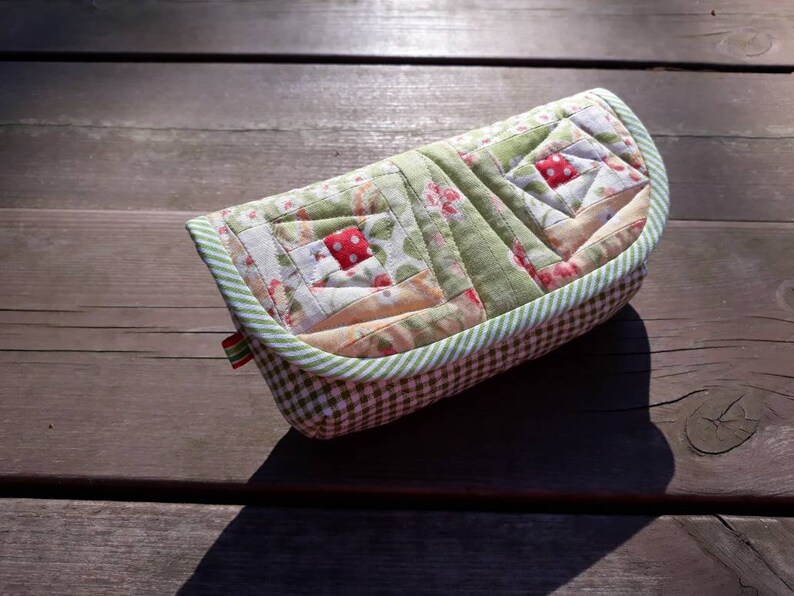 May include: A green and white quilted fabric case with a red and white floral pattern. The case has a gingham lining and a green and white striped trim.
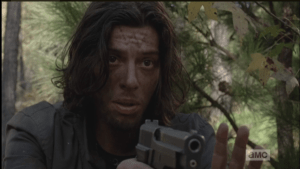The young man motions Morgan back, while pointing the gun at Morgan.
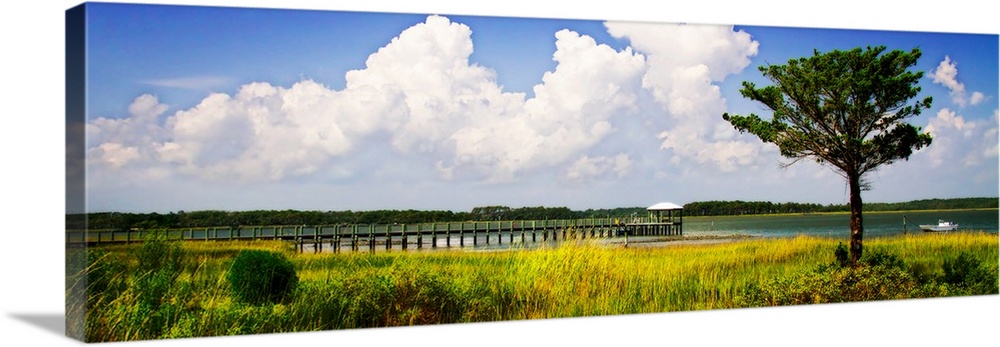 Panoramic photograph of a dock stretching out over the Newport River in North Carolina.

══════════

- Your goal -
Exclude every picture, then reproduce the remaining data character for character.

- Solution to this exercise -
 May include: A green and white quilted fabric case with a red and white floral pattern. The case has a gingham lining and a green and white striped trim.
The young man motions Morgan back, while pointing the gun at Morgan.
 Panoramic photograph of a dock stretching out over the Newport River in North Carolina.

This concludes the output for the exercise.